Он стоит уже час – но не тот это человек, чтоб стоять больше часа. Всё! Я проехала мимо своего счастья. И в каком-то уже философическом оцепенении вышла на всякий случай в «Мичуринце». Счастье моё уже тоже собиралось уходить, но тоже оглянулось на всякий случай. Он даже не бранился – такой у меня был вид, никакого вида. Увядший букетик для Нины Игнатьевны в руках – и полный упадок сил. А ему как раз исполнялось 30 лет [28 июля]. Заранее не сказал, потому что – что тут праздновать? Да и денег нет.

У добрейшей Нины Игнатьевны – окрошка и малина, любимые ягоды Ильи. На террасе в кривом скрипучем доме – водка из граненых стаканчиков. И первый реальный кинодоговор забрезжил, и поездки в Эстонию, и было за что выпить, и было куда в гости пойти в тот вечер. Мы побывали на настоящей даче у Ираклия Андроникова, его дочь Манана пригласила. Там были еще гости, и сам Ираклий Луарсабович развлекал своими замечательными рассказами, но я мало что запомнила. Я запомнила Илью на платформе «Мичуринец» — он меня дождался!
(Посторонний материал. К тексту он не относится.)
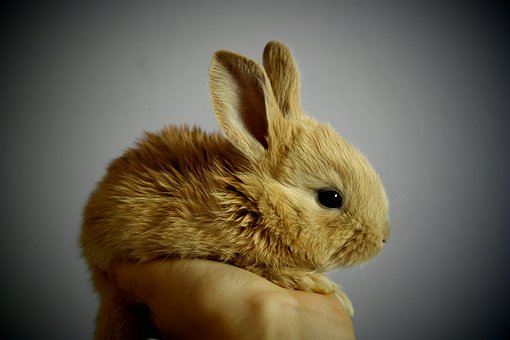 兔年男宝宝名字朗朗上口 精选600个兔宝男生名字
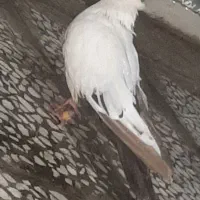 دوتا دم قهوه ای پرشتی جونه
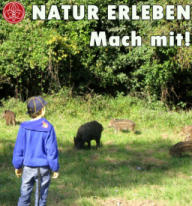 Inserat BZ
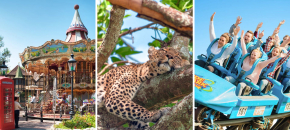 Heide parkas ir Serengeti safaris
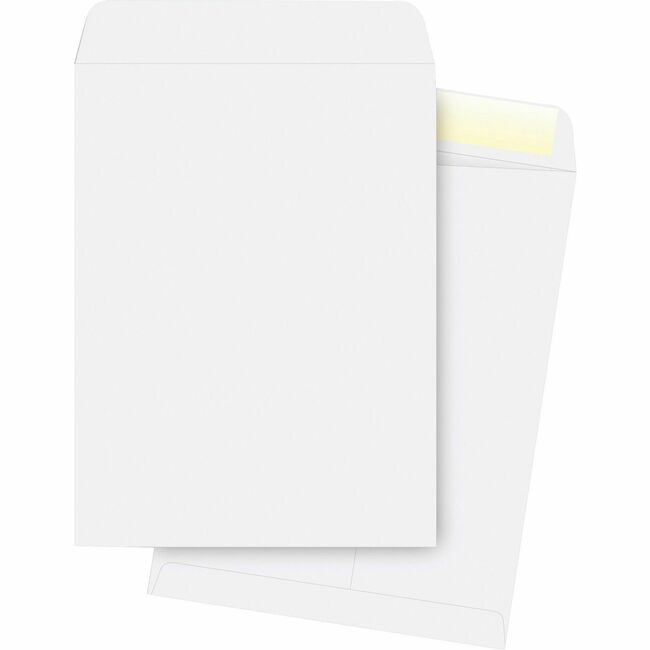 Business Source Envelope Catalog 10X13 We BSN42103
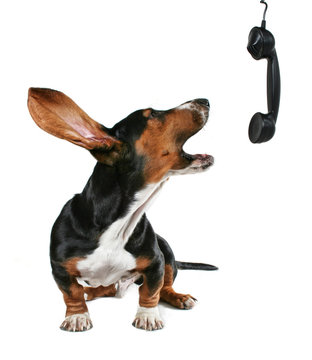 a howling dog on phone
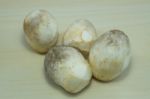 Straw Mushrooms Stock Photo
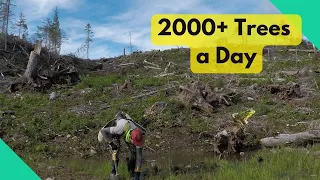 Planting over 2000 Trees a Day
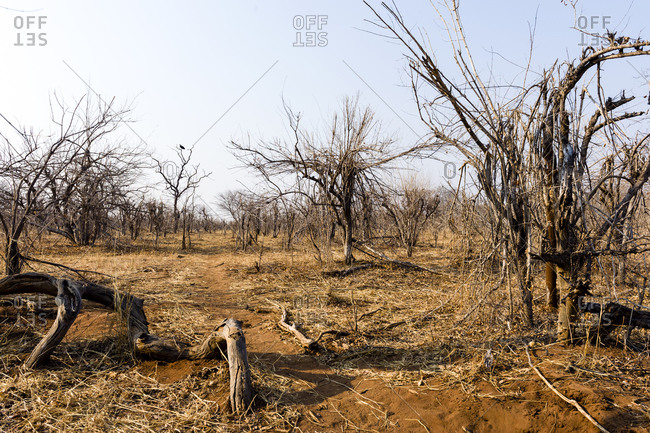 A stand of combretum Mocambiquensis during the dry season after being fed on by elephants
В ту неделю мы еще куда-то ходили – на футбол в «Лужники», в Дом журналистов, в гости к его однокурсникам, и даже однажды целовались на ступеньках у воды у Бродинского моста, под моим «круглым домом». Но я не приглашала его к себе, и он не стремился со мной уединиться где-нибудь в комнате у Толи в Гнездниковском. Мы просто гуляли, как школьники, которые дружат и боятся прикоснуться друг к другу. В этом было что-то странное. Ну да, мы целовались у реки – но тут же разбежались, распрощались, как будто навсегда. До меня дошла наконец-то горькая истина: «а я люблю женатого», как песенка из «Дело было в Пенькове», во всей своей «пеньковой простоте», в смысле «с любовью справлюсь я одна».
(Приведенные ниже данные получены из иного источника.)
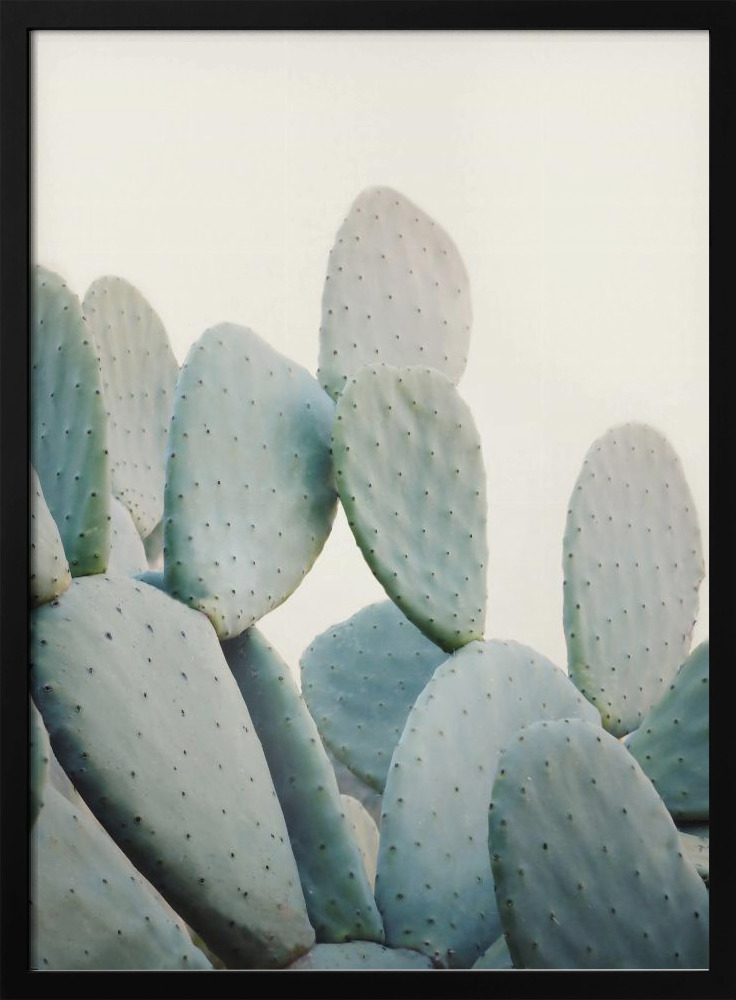 Poster - Pastel Cacti posterframe van donker hout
Я часто бывала на «Мосфильме», выбивала аванс, который всё не платили из-за чистых формальностей. Однажды в коридоре ко мне подошел незнакомый человек спортивной наружности и спросил без предисловий: «Вы не играете в волейбол?» Я когда-то играла во вгиковской команде, но неважно играла, в чем сразу призналась. «Может, вы плаваете?» Я в школьные годы плавала, кролем, третий разряд – и давно не плавала. Он дико обрадовался: выручайте, говорит, надо ехать в Ленинград – состязаться с «Ленфильмом», а все наши девушки по экспедициям. Уже и билеты в кармане, а команды не собрать. Он с таким отчаянием, схватив меня за рукав, упрашивал, что я согласилась выступить за честь «Мосфильма». «Вы кто по специальности? Что-то я вас раньше не видел». Я – автор, говорю, на договоре, сценарий пишу.
«Но ничего!» Он чуть-чуть напрягся, покумекал: «Мы вас кем-нибудь оформим, зарплату получите». Я согласилась не ради зарплаты. От самого слова «Ленинград» сердце обрывалось. «Крыша поехала», как теперь говорят. Я не подумала, могу ли проплыть стометровку кролем, доплыву ли вообще. В 14 лет – да, триста метров плавала для разминки. А мне скоро 26. И что я скажу маме? И что – Ларисе Шепитько, которая неотступно следит, как продвигается сценарий? Сказать, что решила вернуться в большой спорт? Да кто мне поверит! Начиналась полоса «большого вранья».

В Питере нас поселили в какой-то общаге, и я сбежала к родственникам. Волейболистки откуда-то прибыли, и мне не пришлось позориться: просидела запасной. А плавать кролем действительно было некому, да еще в открытом бассейне, под моросящим дождиком – в так называемом ЦПКиО. Начиналась промозглая питерская осень, в бассейн летели желтые листья, от одного вида этой темной воды пробирал колотун. С утра я позвонила Илье, мы условились о встрече в каком-то кафе в центре. Он был нервным, куда-то бежал – я явно не вписывалась в его планы.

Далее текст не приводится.